Discussion in 'Architecture and Products' started by Rys, Sep 30, 2009.

  1. Jawed

    Legend

    Joined:
    Oct 2, 2004
    Messages:
    11,716
    Likes Received:
    2,137
    Location:
    London
    I couldn't be bothered to read that closely, but I suspect what's going on there is that the compression is used to cater for horizontal or vertical register file addressing. i.e. registers can be allocated in either direction, depending on access pattern in instructions. One or the other layout then plays ball with compression.

    Oh and the main instruction issue patent document, since I stumbled upon it:

    http://v3.espacenet.com/publication...7214343A1&KC=A1&FT=D&date=20070913&DB=&locale=

    The title uses "out of order" to refer to hardware threads, rather than intra-thread instruction ordering.

    Compilation can be used to re-order instructions for minimal hazards per issue clock:
    But, regardless, because instruction issue is keyed upon register-dependency:

    intra-thread instructions can issue out of order. With the proviso that the document isn't a 100% guarantee of what's inside a GPU...

    Actually it's possible to read that as merely stating that the hardware-thread ordering isn't necessarily maintained by issuer 506.

    Anyway we agree, whichever way we take it, the fine-grained register-dependency and operand-readiness scoreboarding is relatively costly.

    Jawed
     
  2. PSU-failure

    Newcomer

    Joined:
    May 3, 2007
    Messages:
    249
    Likes Received:
    0
    In fact, it's not totally true.

    Cypress shows a bad scaling compared to Juniper CF (-> AFR), but at the same time playability is more in line with Cypress than CF, pointing out to system limitation.

    Try a frametimes record on some scene, and you'll probably see huge variations on the CF while the single board will only show a big variation. From my numbers on Heaven, Juniper XT managed to render each frame in between 5 to 200ms, that's what I call big... imagine what it will give with AFR since each GPU has to wait for the other one to complete to "finalize" its frame... that will probably give like 0-200ms, so a perceivable stuttering while average framerate is almost doubled.

    Now, if you take the exact same benchmark with one Cypress, you'll end up with 5-100ms render time per frame, so average framerate is almost equal to Juniper CF but stuttering will be much less visible although it's still there.

    A simple 2D example of this situation is a scrolling pattern, if you scroll 1 pixel every 1/60th second it's perfect, if you scroll 2 pixels it's barely acceptable, but if you scroll alternatively 1 and 3 pixels it'll be ugly. Unfortunately, many engines seem to render in a way causing such a pattern, even with only one GPU (perhaps some shaders data are only updated on 50% of the frames or even less), and adding one or more GPU(s) won't bring you anywhere as the slowest rendering frame will always imply a stuttering effect even if scaling "seems" to be perfect.

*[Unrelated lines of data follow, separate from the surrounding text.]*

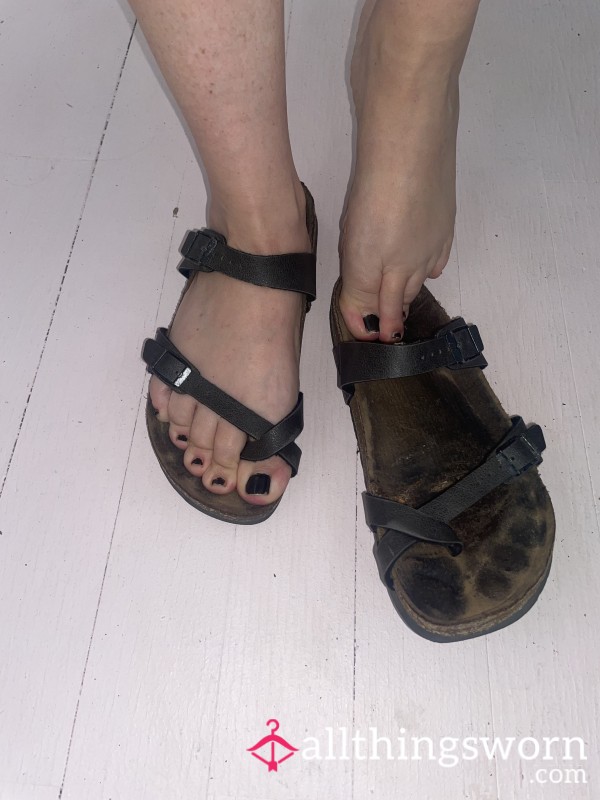 Filthy Dirty Birkenstock Sandals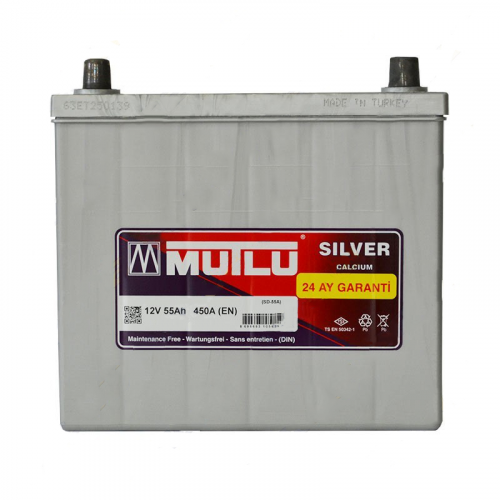 Аккумуляторная батарея Mutlu Silver Calcium 6СТ-55Ah JL+ 450A (EN) GEELY - фото 1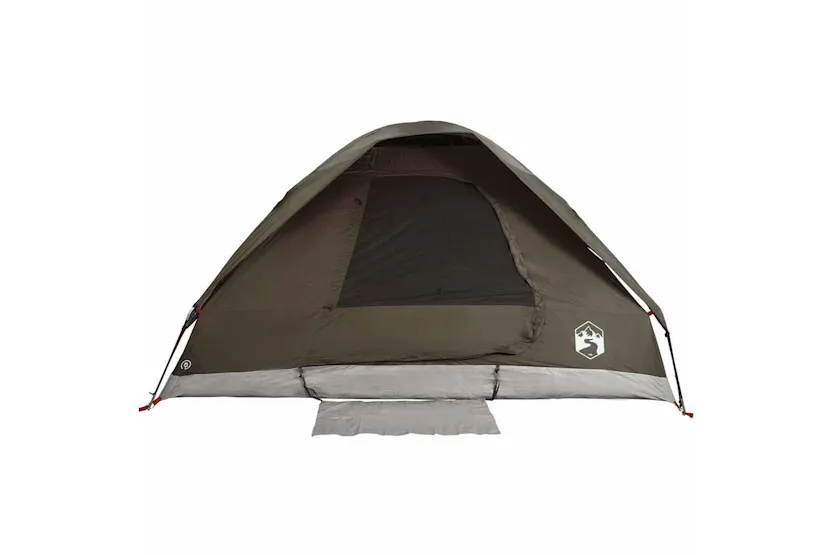 Vidaxl Family Tent Dome 6-person Brown Waterproof Vidaxl Family Tent Dome 6-person Brown Waterproof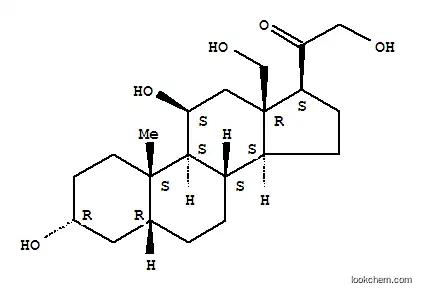 Molecular Structure of 10024-37-0 (Pregnan-20-one,3,11,18,21-tetrahydroxy-, (3a,5b,11b)- (9CI))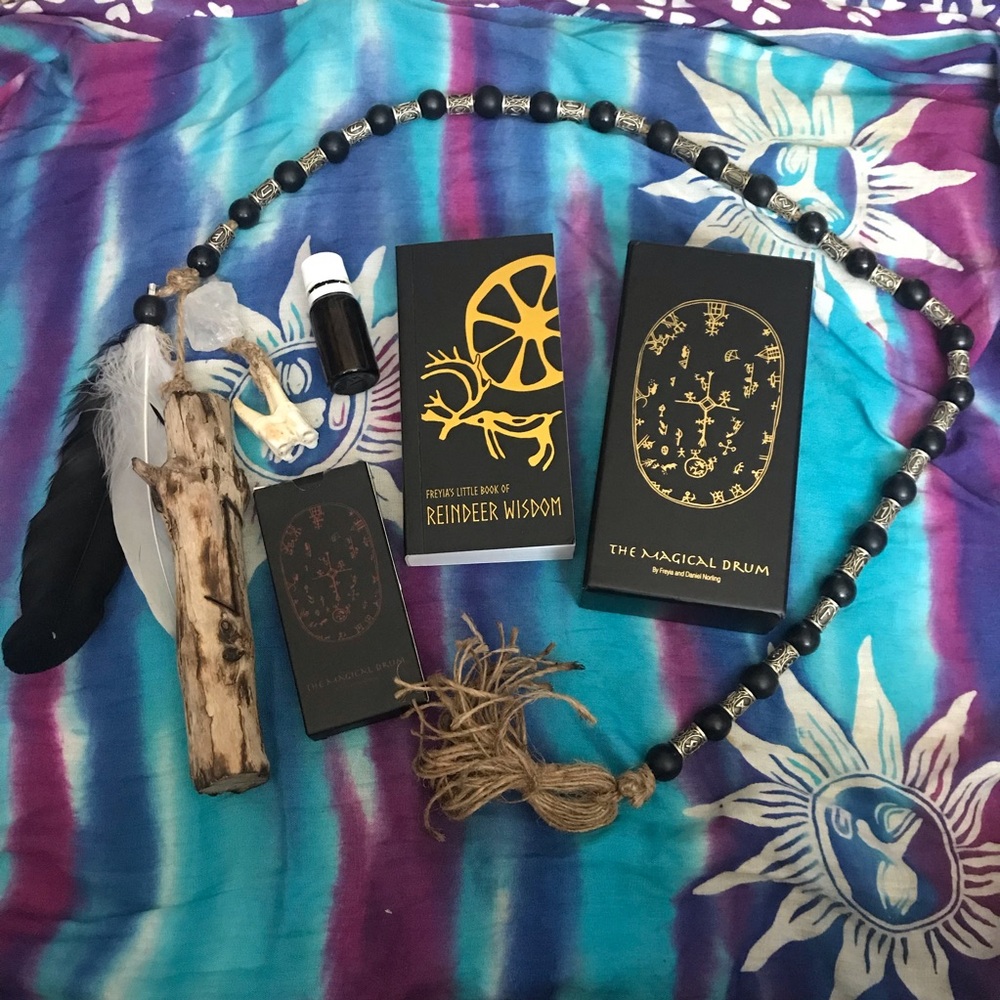 Norse sorcery bundle- rune prayer rope, Freyia Norling oracle decks, book, oil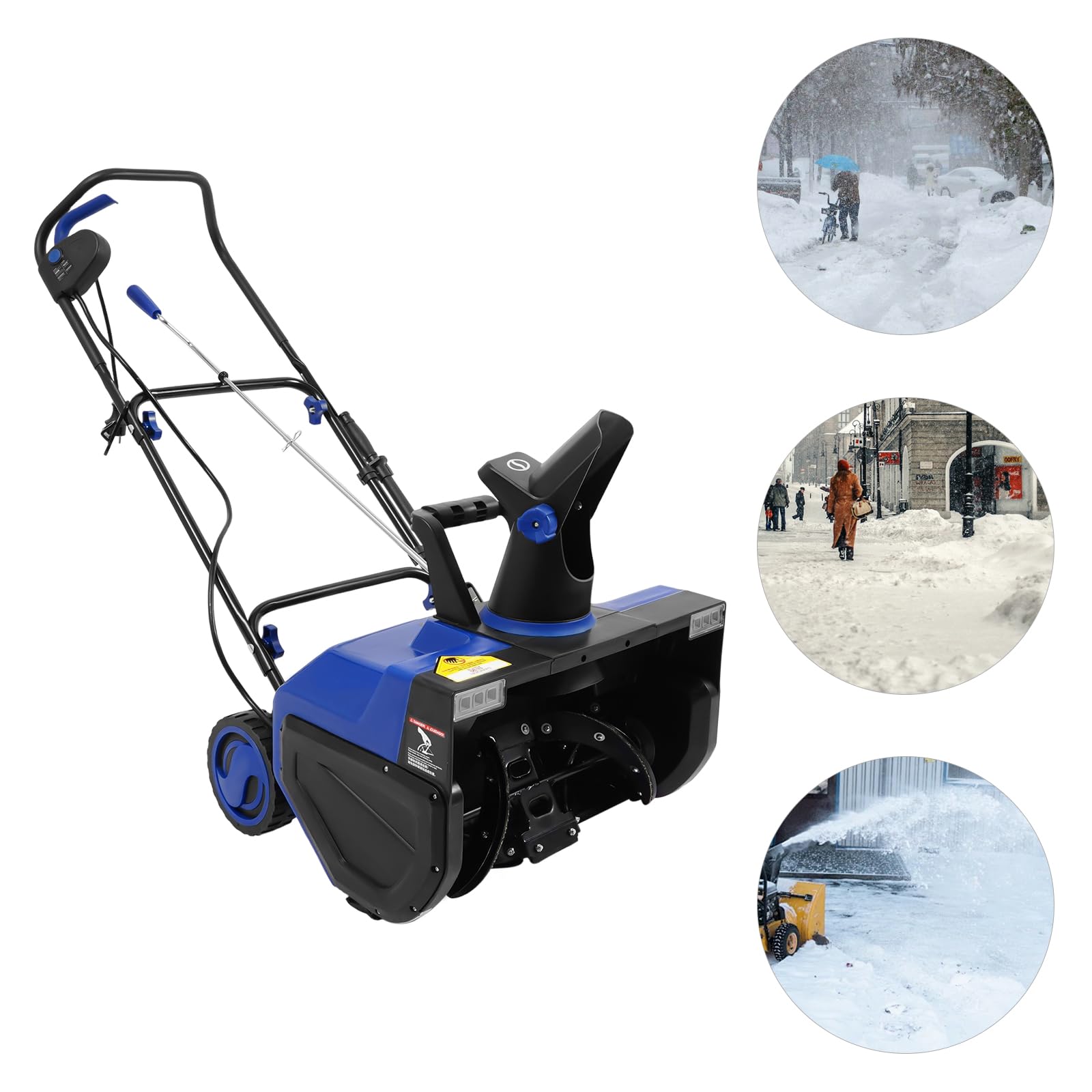 Spazzaneve elettrico per giardino, pulizia invernale, 1800 W, 3500 giri/min, 32 cm, larghezza 8 m, distanza di lancio, adatto per strade, giardini e parchi giochi (2400 W)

    Anyway, Cypress driver doesn't seem to be mature enough to conclude, I ran the old X3-Reunion benchmark and just found very disappointing numbers, almost twice slower than my old RV770 on the exact same PC.

    So, while this is quite interesting to investigate, what remains to be seen is how Fermi will manage to handle DX11 rendering compared to Cypress, with a probably (very high chance) slower rasterizer, about half the raw shading power and its unified L1/shared memory. Note that RAM bandwidth doesn't seem to be a bottleneck for Evergreen GPUs btw, doubling it only marginally improves performance, be it on Juniper or Cypress.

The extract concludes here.